Kleefisch went to Israel on a “geopolitical and diplomatic” mission, seeking economic development opportunities for Wisconsin and a cultural education for herself.
“Israel is the Holy Land,” said Kleefisch, who attends an evangelical church. “Four of us made a confirmation of faith while we were in Israel. One had his bar mitzvah and three of us were baptized in the Jordan River.” (Florida Lt. Gov. Carlos Lopez-Cantera was bar mitzvahed.)
“I have a baby baptism under my belt,” Kleefisch added. “Some sects of the Christian faith will have baby baptism but there are others who believe that you need to make a choice as an adult to follow Jesus.”
Kleefisch was fully immersed in the Jordan River for her second baptism, she said, “just like Jesus had.”
“Absolutely, a part of why I personally will always stand with Israel is I have a deep and abiding love for the country of my savior’s birth and resurrection.
“Geopolitically we can be very practical about it too and say, well of course we’re going to stand with Israel. They’re our best and most reliable ally in the Middle East.”

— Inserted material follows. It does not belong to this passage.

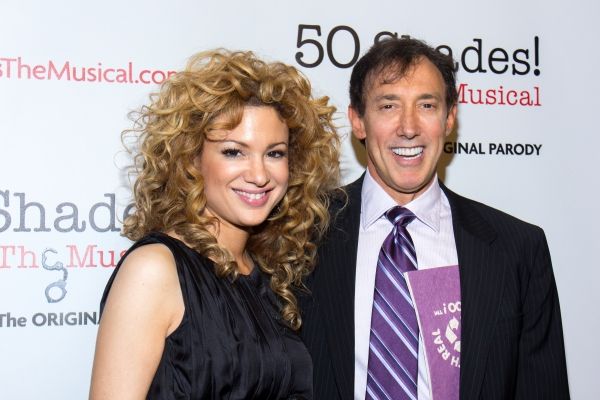 Miri Ben-Ari, Rob Kolson Photo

Asked for her thoughts on the U.S. presidential election, she said “this is a Supreme Court election.” The next president will choose one justice or more and will determine the make-up of the U.S. Supreme Court “probably for my lifetime,” she said.
“If we do not go in with the idea of choosing our Supreme Court makeup then I think we are missing the greater purpose of this particular election.”
Kleefisch had meetings in Israel related to economic development but didn’t want to go into detail until things are “fully cooked.” She said Milwaukee has a Global Water Center and Israel “made the desert bloom,” making the two areas a good match.
Kleefisch, a former television journalist, enjoyed bringing the same question she’d put to Netanyahu to others in Israel.
“All of the answers were slightly different,” she said. “It was interesting for me to hear so many perspectives on one question.
We may be a 50/50 state politically, she said, but disputes here are nothing like the dispute over there.